All clique instances always work with the same configuration and it is impossible to change the configuration without restarting the clique.

YTsaurus part configuration

The YTsaurus part of the configuration is in the yt top-level section.

  • settings: CHYT-specific default query settings. Changing the setting in this section changes the default value for this setting for all queries in the clique.

  • table_writer: Table Writer configuration.

  • table_attribute_cache: Table attribute cache configuration. This cache significantly improves the responsiveness of CHYT, but at the moment it can potentially lead to non-consistent reads (data has already appeared in the table, but CHYT does not see it yet). To disable this cache, use the following configuration:

    {read_from=follower;expire_after_successful_update_time=0;expire_after_failed_update_time=0;refresh_time=0;expire_after_access_time=0}
    
  • create_table_default_attributes [{optimize_for = scan}]: The default attributes with which tables will be created during CREATE queries in CHYT.

  • health_checker: The Health Checker configuration, see also the corresponding section on the CHYT dashboard. Consists of 3 fields:

    queries [["select * from `//sys/clickhouse/sample_table`"]]: A list of test queries whose performance will be checked regularly.

    Attention!

    Queries from Health Checker are currently executed on behalf of user yt-clickhouse who must have the read permissions to access the table.

    period [60000]:The test triggering period in milliseconds.

    timeout [0.9 * period / len(queries)]: The triggering timeout for each of the configured queries. If the query does not fit into the timeout, it is considered failed.

  • subquery: The configuration of the main system part which coordinates the execution of ClickHouse queries on top of YTsaurus tables. Before configuring this part, read the article about query execution within a clique.

    min_data_weight_per_thread [64 MiB]: (in bytes) When splitting the input into subqueries, the coordinator will try to give no less than the given amount to each core of each instance.

    max_data_weight_per_subquery [50 GiB]: (in bytes) The maximum allowable amount of data to be processed on one core of one instance. This restriction is protective and protects clique users from accidentally running a huge query that processes petabytes. The constant of 50 GiB is selected, because such amount is processed on a single core in about dozens of minutes.

  • show_tables: The SHOW TABLES query behavior configuration. Enables you to configure the list of directories in which SHOW TABLES will show a list of tables.
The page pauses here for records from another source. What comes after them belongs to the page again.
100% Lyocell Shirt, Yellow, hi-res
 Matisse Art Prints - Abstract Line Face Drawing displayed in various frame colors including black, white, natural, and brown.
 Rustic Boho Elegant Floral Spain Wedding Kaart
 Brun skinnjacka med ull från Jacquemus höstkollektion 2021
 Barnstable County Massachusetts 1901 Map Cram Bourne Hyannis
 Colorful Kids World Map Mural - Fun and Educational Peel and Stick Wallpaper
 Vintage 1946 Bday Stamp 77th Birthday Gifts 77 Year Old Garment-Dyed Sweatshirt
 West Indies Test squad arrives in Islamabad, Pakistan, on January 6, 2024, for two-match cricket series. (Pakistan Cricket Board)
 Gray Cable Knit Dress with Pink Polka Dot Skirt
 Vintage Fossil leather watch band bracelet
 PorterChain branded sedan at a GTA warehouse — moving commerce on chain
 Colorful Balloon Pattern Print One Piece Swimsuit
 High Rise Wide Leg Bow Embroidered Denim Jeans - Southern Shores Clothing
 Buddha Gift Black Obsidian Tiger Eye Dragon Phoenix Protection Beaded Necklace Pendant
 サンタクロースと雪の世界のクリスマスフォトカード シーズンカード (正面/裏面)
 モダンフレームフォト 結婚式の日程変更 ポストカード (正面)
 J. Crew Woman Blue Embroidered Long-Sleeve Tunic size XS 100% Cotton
    roots: The list of YPath paths of directories in Cypress from which the tables will be collected for SHOW TABLES.

Attention!

The max_data_weight_per_subquery limit uses column-by-column statistics to account for column sampling from processed tables. Column-by-column statistics may be missing for old tables created before the statistics became available. For such tables, columns in the limit are not taken into account. This means that when processing a very narrow slice of columns which forms 1% of the total table volume and is 1 GiB per core, CHYT will calculate that 100 GiB per core are processed. CHYT will not run such a query with the default settings.

If this scenario is required or you need to process large amounts of data, configure this setting to a random large value.

Configuring a ClickHouse part

The ClickHouse part of the configuration lives in the clickhouse top-level section.

Converting a ClickHouse XML configuration into a CHYT YSON configuration

This section describes how to convert a regular clickhouse server XML configuration into an equivalent CHYT configuration.

The rules for converting a ClickHouse XML configuration into a CHYT YSON configuration can be described as follows:

  • Any non-multiple configuration node in the ClickHouse configuration is a dict (map).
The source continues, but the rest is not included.